In iVenture Card Ltd and others v Big Bus Singapore City Sightseeing Pte Ltd and others, the Court of Appeal of the Republic of Singapore addressed issues of Contract — Breach, Contract — Remedies.

Case Details

  • Citation: [2021] SGCA 97
  • Case Number: Civil Appeal No 94 of 2020
  • Decision Date: 12 October 2021
  • Court: Court of Appeal of the Republic of Singapore
  • Judges: Steven Chong JCA; Woo Bih Li JAD; Quentin Loh JAD
  • Coram / Composition: Steven Chong JCA, Woo Bih Li JAD, Quentin Loh JAD
  • Parties (Appellants): iVenture Card Ltd; iVenture Card International Pty Ltd; iVenture Card Travel Ltd
  • Parties (Respondents): Big Bus Singapore City Sightseeing Pte Ltd; Singapore Ducktours Pte Ltd; Mr James Heng See Eng; Mr Low Lee Huat (not included as a respondent on appeal, though relevant below)
  • Appellants’ Position: Claim for damages for repudiation/breach of contract; claims including breach of confidence and related reliefs
  • Respondents’ Position: Defend against repudiation claims; counterclaim including repudiation of the Reseller Arrangement
  • Legal Areas: Contract — Breach; Contract — Remedies; Confidence — Breach of confidence; Damages — Assessment
  • Statutes Referenced: HiPPO
  • Key Commercial Context: Singapore tourist attraction pass (“Singapore iVenture Pass”) authenticated via Smartvisit technology; competing pass (“HiPPO Singapore Pass”) authenticated via QR Code
  • Procedural History: Appeal from High Court decision in iVenture Card Ltd and another v Big Bus Singapore City Sightseeing Pte Ltd and others [2020] SGHC 109
  • Judgment Length: 50 pages; 29,433 words
  • Counsel for Appellants: Ang Hsueh Ling Celeste, Clarence Ding Si-Liang, Lee Zhe Xu and Tan Yi Wei (Nicholas (Wong & Leow LLC))
  • Counsel for Respondents: Chia Jin Chong Daniel, Ong Xuan Ning Christine (Weng Xuanning) and Tan Ei Leen (Coleman Street Chambers LLC)

Summary

In iVenture Card Ltd and others v Big Bus Singapore City Sightseeing Pte Ltd and others [2021] SGCA 97, the Court of Appeal considered a commercial dispute arising from a collaboration to develop and operate a co-branded tourist attraction pass in Singapore.
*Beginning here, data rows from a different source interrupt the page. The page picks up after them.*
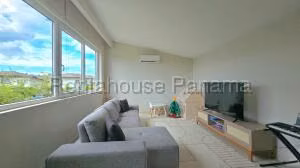 Venta de Casa con 318m2 en Santa Maria PH The Woods 26-4770SR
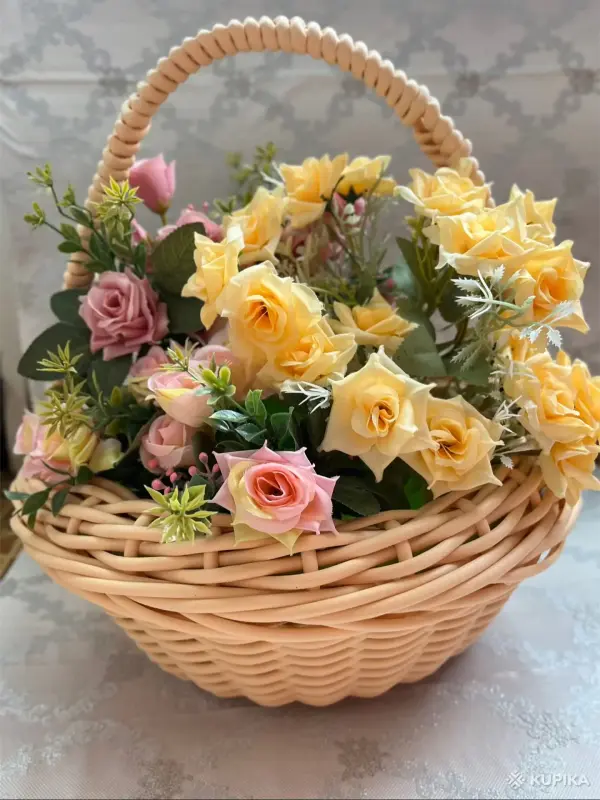 Корзина из ротанга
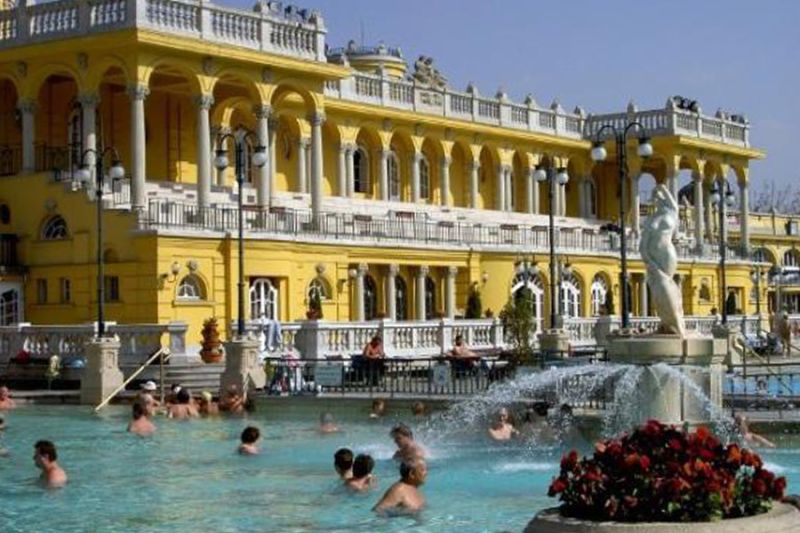 gal/Voyages/Budapest_-_Hungary/Szechenyi_Baths/Szechenyi_Baths_Budapest_spa120.jpg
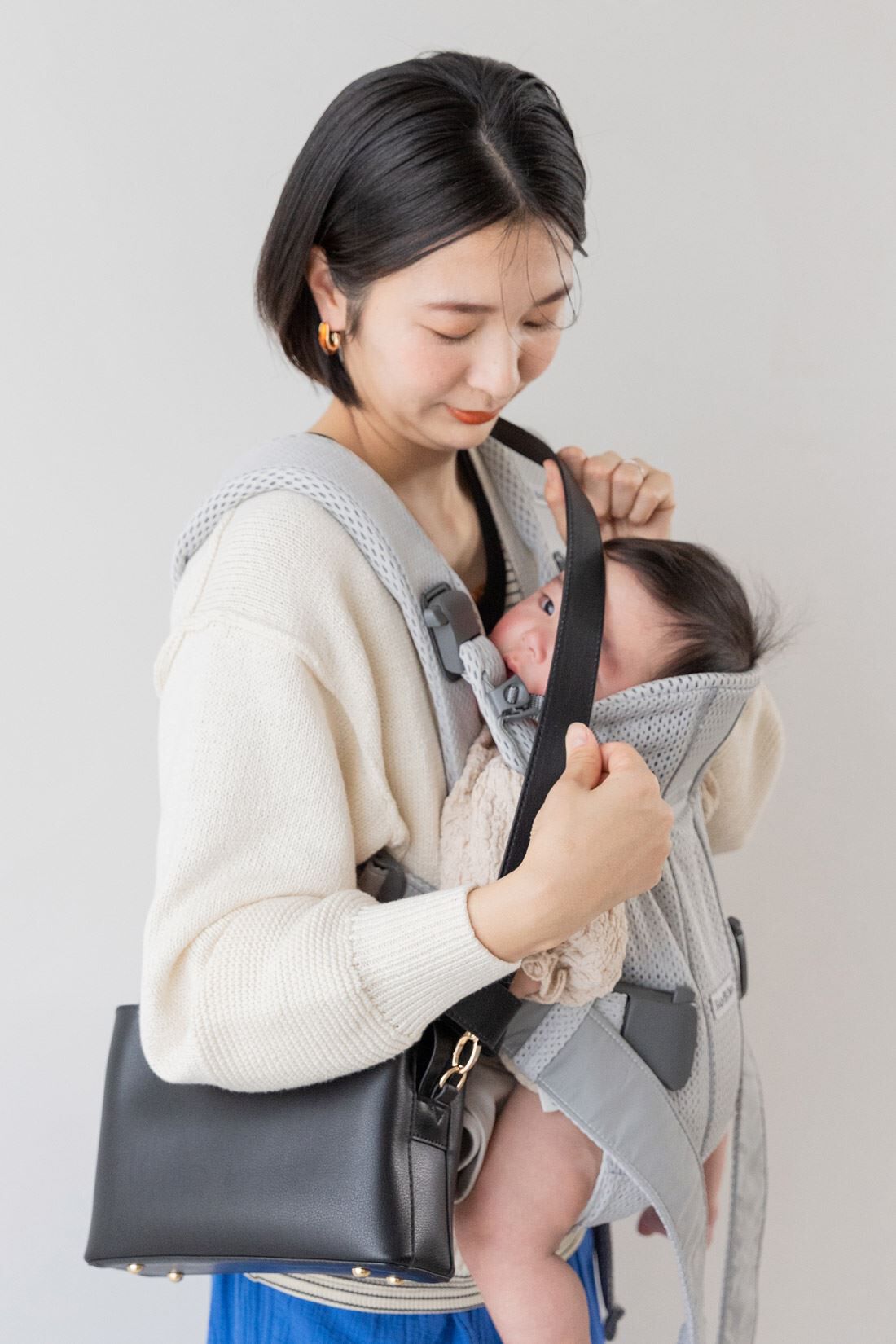 フェリシモギフトショップ|ninaru×フェリシモMama　抱っこひもと一緒に持てる　マザーズショルダーバッグ|「抱っこひもをしているときにショルダーバッグを斜めがけすると、赤ちゃんの顔に当たる」というお声からこのバッグが産まれました。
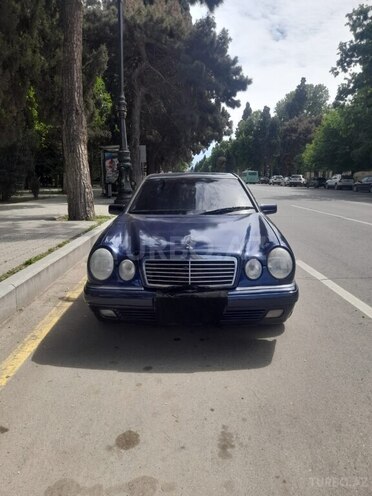 Mercedes E 230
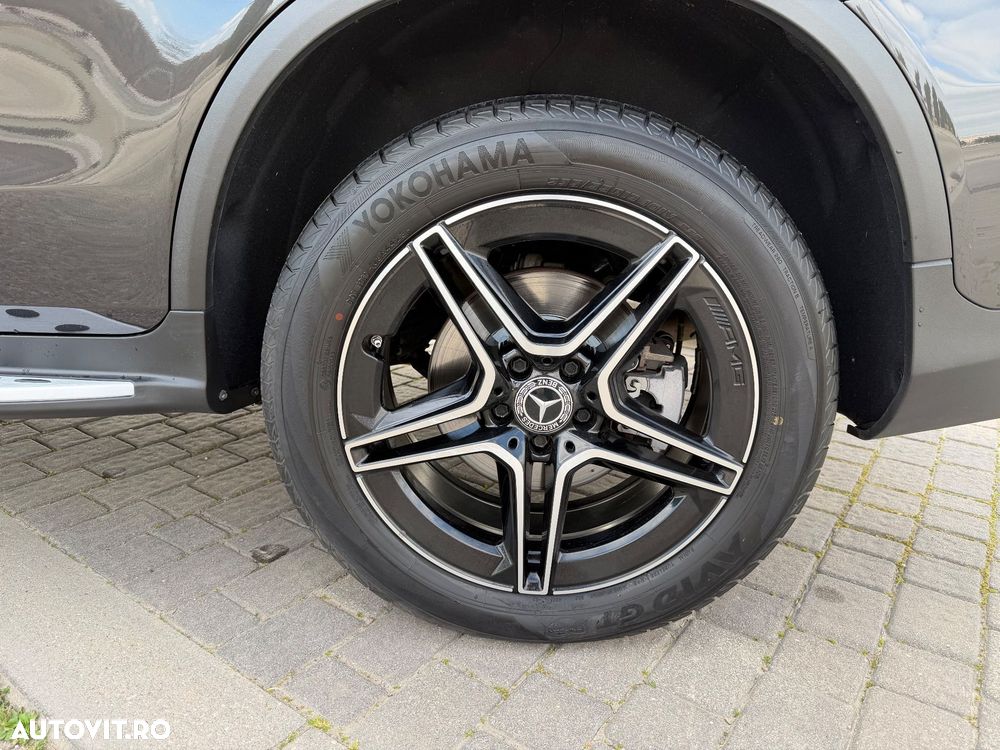 Mercedes-Benz GLC Coupe 300 de 4Matic 9G-TRONIC AMG Line - 8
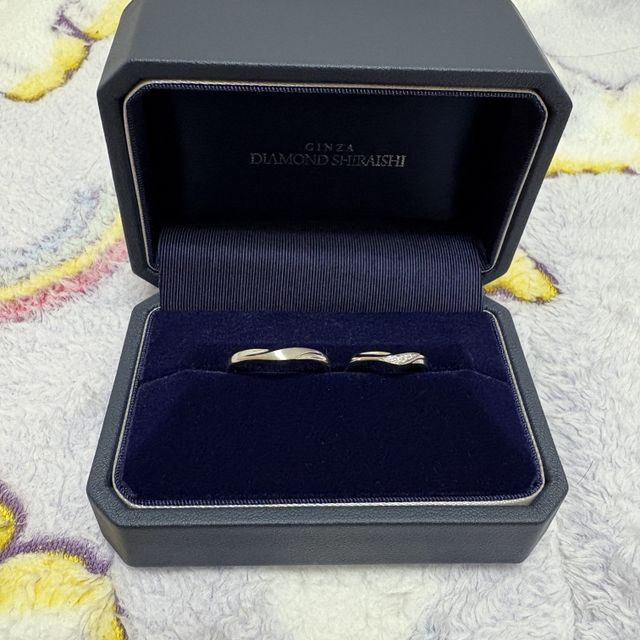 【銀座ダイヤモンドシライシの口コミ】 シンプルであるが華やかさがある。
デザイン自体もよく女性の指輪にはダイ…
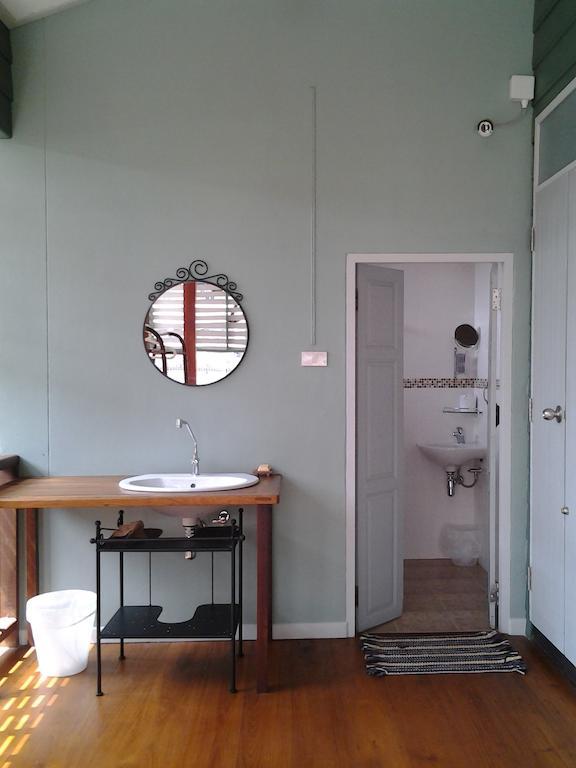 Ban Boonchu Acomodação com café da manhã Phra Nakhon Si Ayutthaya Quarto foto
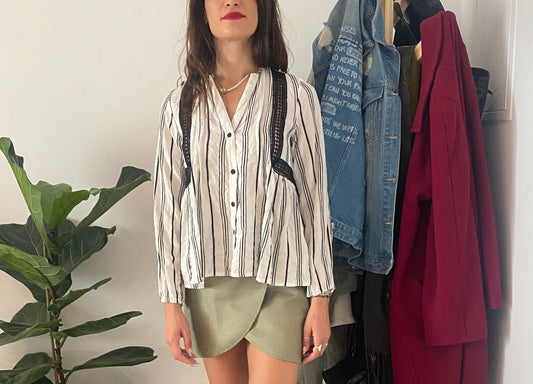 Λευκή ριγωτή μπλούζα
The iVenture group supplied Smartvisit-based technology and branding for the “Singapore iVenture Pass”, while Big Bus and Ducktours operated the pass business. The relationship deteriorated after payment disputes and reciprocal suspensions of business operations, followed by allegations that the respondents misused confidential information to launch a competing pass.
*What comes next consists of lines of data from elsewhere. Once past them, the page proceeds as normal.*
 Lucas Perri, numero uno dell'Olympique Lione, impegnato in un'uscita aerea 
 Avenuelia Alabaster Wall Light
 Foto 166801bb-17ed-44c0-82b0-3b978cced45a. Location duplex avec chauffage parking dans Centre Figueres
The Court of Appeal’s analysis addressed multiple layers: (i) whether contractual notices and conduct amounted to repudiation and, if so, what remedies followed; (ii) the legal consequences of suspending performance and whether such actions were justified under the parties’ contractual framework; (iii) whether the iVenture group’s claims for breach of confidence were made out on the evidence; and (iv) how damages should be assessed in light of causation and proof. The appeal also involved a counterclaim concerning repudiation of an informal “Reseller Arrangement” that was never reduced to writing.
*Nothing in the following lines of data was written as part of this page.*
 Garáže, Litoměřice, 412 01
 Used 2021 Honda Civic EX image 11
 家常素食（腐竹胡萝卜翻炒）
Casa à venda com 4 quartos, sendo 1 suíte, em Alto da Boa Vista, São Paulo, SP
What Were the Facts of This Case?

The appellants, iVenture Card Limited, iVenture Card International Pty Ltd, and iVenture Card Travel Ltd (collectively, the “iVenture Group”), were engaged in developing and marketing tourist packages worldwide. The respondents, Big Bus Singapore City Sightseeing Pte Ltd and Singapore Ducktours Pte Ltd (collectively, the “Duck and HiPPO Group”), operated a long-standing tourist attractions aggregator pass known as the “Singapore Pass”. The third respondent, Mr James Heng See Eng (“Mr Heng”), was a director and chief executive of Big Bus and Ducktours, and Mr Low Lee Huat (“Mr Low”) was the other director and shareholder. The dispute concerned the parties’ attempt to create a new co-branded pass, the “Singapore iVenture Pass”.

On 17 December 2014, the iVenture Group and the Duck and HiPPO Group agreed to collaborate. The terms were recorded in a “Singapore Attractions Pass Preliminary Agreement” dated 27 December 2014 (the “Preliminary Agreement”). Pursuant to this, two written agreements were executed on 27 March 2015: a Licence Agreement and a Service Level Agreement. Under the Licence Agreement, iVenture Card would sell the Singapore iVenture Pass on its online website and license Big Bus to operate the pass business and use the iVenture brand in Singapore, with Big Bus paying monthly fees calculated as a percentage of sales. Under the Service Level Agreement, iVenture Card and Smartvisit Pty Ltd (a related company) would provide technical services and access to the “Smartvisit System”, while Big Bus would pay the monthly fees to iVenture Card.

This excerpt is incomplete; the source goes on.